Когда мы наконец разомкнулись, я увидел, что её глаза блестят, как те самые звёзды, что мы когда-то считали, лёжа на крыше её дома.

– Ты думаешь, наш самолётик долетел до облаков? – спросила она, всё ещё держа меня за руку.

– Я думаю, – я прижал её ладонь к своей груди, – что он стал частью ветра. И теперь, куда бы он ни дул, будет носить с собой частичку нас.

Она улыбнулась, и я понял – вот он, тот самый момент, который я буду вспоминать даже через годы. Когда мы стояли на краю крыши, держась за руки, а в небе не осталось ни одного самолётика, зато в сердцах – целая эскадрилья.

Мы шли с Авророй по ночным улицам, и её рука в моей казалась таким же естественным продолжением меня, как дыхание. Фонари рисовали наши удлинённые тени на асфальте, то сливая их воедино, то разрывая на части, будто проверяя на прочность.

– Ты сегодня какой-то задумчивый, – она остановилась под фонарём, и свет превратил её в золотую статуэтку. – О чём?

Я поднял голову, наблюдая, как мотылёк бьётся о стекло фонаря.

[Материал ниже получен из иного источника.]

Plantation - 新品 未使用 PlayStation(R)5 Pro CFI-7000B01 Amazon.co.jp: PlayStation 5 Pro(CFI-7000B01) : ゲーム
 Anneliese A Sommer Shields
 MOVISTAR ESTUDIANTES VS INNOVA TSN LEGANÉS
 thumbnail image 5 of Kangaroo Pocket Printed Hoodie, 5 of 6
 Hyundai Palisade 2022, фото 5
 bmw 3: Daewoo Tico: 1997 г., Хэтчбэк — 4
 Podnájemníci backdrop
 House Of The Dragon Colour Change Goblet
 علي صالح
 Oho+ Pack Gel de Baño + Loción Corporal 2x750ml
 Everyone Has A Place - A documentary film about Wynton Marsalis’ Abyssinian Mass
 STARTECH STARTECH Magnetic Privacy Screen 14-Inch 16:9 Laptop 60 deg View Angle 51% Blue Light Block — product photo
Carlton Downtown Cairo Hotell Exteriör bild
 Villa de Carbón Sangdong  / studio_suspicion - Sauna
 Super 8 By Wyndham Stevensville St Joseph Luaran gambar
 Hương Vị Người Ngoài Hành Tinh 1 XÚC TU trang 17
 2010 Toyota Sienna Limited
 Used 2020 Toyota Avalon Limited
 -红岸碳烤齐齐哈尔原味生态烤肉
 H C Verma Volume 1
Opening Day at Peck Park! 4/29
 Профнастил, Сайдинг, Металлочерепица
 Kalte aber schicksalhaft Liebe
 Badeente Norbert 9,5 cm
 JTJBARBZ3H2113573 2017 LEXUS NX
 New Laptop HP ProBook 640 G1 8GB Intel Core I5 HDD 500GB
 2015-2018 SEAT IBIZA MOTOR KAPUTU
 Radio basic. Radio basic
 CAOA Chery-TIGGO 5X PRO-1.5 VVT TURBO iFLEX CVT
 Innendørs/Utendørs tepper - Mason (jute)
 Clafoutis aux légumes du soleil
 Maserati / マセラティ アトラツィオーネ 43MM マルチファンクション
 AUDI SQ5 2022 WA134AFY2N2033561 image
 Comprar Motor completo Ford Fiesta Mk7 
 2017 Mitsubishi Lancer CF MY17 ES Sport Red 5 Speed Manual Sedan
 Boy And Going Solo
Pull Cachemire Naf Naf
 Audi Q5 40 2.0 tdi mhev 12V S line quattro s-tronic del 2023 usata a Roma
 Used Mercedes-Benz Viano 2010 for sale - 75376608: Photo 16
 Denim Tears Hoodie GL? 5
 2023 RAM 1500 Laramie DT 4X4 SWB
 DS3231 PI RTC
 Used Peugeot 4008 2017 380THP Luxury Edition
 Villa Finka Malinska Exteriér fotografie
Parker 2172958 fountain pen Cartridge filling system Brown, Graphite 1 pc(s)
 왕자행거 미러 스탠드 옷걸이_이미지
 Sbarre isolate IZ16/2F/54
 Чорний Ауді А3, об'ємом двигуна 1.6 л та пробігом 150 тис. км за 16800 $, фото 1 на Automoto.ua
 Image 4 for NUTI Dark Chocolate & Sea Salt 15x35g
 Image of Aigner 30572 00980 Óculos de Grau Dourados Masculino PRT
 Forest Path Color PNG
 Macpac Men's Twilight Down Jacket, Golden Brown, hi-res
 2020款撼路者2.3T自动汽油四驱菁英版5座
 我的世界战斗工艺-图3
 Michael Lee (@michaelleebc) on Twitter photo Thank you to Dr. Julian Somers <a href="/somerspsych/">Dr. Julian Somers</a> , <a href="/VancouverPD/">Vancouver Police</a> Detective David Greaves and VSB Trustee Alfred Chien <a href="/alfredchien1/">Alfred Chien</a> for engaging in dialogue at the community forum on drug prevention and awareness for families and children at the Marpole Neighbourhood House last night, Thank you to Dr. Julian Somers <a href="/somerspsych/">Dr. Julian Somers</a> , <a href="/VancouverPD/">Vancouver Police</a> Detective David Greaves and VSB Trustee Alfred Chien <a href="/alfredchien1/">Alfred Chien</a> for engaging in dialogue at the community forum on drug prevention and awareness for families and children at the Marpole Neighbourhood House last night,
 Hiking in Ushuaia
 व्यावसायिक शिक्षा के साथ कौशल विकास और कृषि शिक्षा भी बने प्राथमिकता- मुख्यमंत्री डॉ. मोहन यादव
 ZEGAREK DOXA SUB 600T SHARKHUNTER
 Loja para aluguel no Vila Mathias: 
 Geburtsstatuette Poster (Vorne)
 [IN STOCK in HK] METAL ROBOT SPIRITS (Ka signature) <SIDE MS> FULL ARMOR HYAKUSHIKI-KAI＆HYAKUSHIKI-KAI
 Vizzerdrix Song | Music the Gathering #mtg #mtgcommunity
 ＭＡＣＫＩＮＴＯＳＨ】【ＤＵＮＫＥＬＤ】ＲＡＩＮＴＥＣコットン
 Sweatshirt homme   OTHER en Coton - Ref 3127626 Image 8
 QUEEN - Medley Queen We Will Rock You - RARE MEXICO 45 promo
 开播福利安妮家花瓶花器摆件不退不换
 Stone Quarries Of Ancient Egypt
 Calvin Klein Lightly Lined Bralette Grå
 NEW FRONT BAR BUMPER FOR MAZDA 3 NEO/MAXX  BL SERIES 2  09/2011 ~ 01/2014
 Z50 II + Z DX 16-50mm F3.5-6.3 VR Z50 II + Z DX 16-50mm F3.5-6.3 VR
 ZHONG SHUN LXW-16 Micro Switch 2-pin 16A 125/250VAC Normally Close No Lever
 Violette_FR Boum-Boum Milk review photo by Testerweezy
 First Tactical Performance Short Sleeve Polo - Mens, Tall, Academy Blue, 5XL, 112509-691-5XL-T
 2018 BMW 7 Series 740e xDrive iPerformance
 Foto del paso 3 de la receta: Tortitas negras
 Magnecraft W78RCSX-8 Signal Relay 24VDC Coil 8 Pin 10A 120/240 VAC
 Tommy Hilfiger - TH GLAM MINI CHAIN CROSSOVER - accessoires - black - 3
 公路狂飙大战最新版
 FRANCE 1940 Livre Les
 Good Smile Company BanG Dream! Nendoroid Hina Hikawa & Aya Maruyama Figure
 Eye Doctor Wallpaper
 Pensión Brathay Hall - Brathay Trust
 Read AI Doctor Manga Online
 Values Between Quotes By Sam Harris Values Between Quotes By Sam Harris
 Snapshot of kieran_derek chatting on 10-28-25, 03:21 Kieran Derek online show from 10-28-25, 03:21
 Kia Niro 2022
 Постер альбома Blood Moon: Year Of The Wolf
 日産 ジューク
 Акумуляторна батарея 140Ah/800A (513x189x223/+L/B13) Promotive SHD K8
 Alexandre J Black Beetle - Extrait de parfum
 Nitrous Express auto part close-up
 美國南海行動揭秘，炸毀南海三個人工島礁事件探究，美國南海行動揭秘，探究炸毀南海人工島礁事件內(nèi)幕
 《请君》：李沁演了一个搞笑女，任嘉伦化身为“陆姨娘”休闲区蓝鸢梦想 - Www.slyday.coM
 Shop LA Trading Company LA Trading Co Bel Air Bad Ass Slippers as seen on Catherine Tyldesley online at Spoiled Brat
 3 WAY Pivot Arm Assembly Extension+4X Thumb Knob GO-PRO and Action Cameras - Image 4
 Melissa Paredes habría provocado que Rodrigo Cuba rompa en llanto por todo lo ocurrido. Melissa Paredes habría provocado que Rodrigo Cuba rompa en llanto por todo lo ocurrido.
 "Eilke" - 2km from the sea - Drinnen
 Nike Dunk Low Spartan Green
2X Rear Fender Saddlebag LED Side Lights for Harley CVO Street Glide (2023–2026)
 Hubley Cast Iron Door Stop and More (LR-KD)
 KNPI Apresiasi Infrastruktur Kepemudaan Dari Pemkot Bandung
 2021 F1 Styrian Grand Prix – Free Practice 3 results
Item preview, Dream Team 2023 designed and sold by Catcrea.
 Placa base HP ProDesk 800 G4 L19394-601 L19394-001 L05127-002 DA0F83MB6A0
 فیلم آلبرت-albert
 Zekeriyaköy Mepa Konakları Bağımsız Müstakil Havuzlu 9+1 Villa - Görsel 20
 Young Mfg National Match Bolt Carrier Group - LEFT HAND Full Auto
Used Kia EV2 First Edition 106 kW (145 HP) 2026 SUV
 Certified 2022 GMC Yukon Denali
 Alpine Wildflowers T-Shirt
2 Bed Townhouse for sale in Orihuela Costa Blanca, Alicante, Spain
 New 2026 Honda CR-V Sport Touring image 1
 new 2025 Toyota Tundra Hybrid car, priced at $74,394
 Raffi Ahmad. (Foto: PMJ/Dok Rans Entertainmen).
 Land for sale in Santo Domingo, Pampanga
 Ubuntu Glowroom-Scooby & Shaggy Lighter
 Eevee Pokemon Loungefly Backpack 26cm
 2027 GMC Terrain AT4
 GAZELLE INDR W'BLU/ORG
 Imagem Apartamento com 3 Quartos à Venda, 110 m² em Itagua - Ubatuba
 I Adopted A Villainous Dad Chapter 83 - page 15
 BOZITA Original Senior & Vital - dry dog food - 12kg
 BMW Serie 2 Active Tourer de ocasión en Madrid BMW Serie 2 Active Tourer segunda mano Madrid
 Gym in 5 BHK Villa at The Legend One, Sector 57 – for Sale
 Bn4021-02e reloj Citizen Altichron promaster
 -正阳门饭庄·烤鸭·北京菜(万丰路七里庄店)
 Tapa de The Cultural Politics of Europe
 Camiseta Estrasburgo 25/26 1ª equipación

– О будущем. О том… каким я его вижу.

Она приподняла бровь, и в этом движении было столько знакомого, родного, что мне вдруг стало страшно – а что, если однажды я проснусь, и этого жеста больше не будет?

– И каким ты его видишь? – она взяла мою руку и прижала её к своей щеке.

Её кожа была тёплой, как страницы старой книги, которую долго держали на солнце.

– Не знаю. Раньше всё было просто: учёба, тренировки, стабильность. А теперь… – я посмотрел на наши переплетённые пальцы, – теперь я понимаю, что хочу не просто существовать. Я хочу…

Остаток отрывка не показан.